The CynMor Video Digital Video Primer

What is Digital Video?

Introduction: Why Digital? We've all heard the term "digital." We have been familiar with digital telephones and digital CD's for some time. The cellular telephone industry has been bombarding us with visions of "crystal clear" transmissions for months now. The consumer has been introduced to the digital camera, which, in conjunction with a computer, allows us to shoot and view a still image without film. "Digital video" is, not surprisingly, the same technology applied to a stream of still images designed to produce a "motion picture" effect. Digital video.

Learn more!
Want to learn more? Check out the PC Technology Guide

But what is so great about digital video? Why a new technology? After all, traditional analog video formats, such as the familiar VHS format, seem to work just fine. The secret of digital lies in the way the image is recorded. Instead of sampling and recording a complex analog waveform (more about that technical stuff later), digital technology records a long series of "binary digits" ["bits"], electromagnetic "states" that are either "on" or "off" then processes or codes them in a special way to turn them into a video signal.

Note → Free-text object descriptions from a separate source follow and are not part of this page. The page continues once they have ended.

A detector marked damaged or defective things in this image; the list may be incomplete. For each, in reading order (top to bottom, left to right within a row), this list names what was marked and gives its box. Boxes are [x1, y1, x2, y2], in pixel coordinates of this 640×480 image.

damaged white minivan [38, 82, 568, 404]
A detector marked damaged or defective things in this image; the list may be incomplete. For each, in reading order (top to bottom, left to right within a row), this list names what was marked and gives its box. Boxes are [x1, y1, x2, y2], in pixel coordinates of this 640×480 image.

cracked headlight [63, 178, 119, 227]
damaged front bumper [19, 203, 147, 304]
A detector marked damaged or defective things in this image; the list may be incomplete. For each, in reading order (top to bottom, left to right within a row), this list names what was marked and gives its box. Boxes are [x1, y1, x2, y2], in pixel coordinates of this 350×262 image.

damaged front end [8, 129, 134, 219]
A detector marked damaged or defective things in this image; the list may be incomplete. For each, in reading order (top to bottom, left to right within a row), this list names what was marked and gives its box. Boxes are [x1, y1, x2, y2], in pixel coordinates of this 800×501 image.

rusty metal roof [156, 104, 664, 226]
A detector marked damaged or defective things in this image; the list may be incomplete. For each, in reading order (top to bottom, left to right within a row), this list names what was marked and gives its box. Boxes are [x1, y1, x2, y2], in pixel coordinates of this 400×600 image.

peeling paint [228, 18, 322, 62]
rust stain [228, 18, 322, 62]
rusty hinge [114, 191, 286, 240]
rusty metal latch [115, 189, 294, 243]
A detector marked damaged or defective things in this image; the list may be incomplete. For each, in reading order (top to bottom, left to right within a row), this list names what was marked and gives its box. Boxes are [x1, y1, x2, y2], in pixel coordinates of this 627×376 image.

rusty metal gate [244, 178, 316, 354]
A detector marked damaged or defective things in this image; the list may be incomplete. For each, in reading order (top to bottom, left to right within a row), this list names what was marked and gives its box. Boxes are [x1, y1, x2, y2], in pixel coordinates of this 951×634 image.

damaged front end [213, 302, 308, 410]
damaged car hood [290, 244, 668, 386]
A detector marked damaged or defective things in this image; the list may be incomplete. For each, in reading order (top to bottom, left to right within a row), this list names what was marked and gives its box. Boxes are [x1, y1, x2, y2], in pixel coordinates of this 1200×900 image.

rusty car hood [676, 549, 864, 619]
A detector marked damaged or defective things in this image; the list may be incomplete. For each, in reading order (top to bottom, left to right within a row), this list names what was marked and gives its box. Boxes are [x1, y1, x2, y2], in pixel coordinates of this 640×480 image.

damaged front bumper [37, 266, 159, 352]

But wait! That sounds exactly like how a computer works. Bits and bytes. We all remember those things. Well, that's exactly why digital video technology is so exciting. It brings the world of video production to the ordinary computer owner like you and me. We call this "desktop video" [DTV]. It is now possible for us to shoot high-quality videos, download the images to our computers, edit them and manipulate the images in extraordinary ways, add fascinating and engaging special effects and sound,and upload the finished product to a "master" medium such as the VHS tape, CD ROM, or for Internet viewing. We can even play back the videos on our computer monitors as full-screen, full-motion dazzling multimedia events. And we can do this at PC computer system prices, not the high-price "broadcast" suites affordable only by the pros, often costing $100,000 or more.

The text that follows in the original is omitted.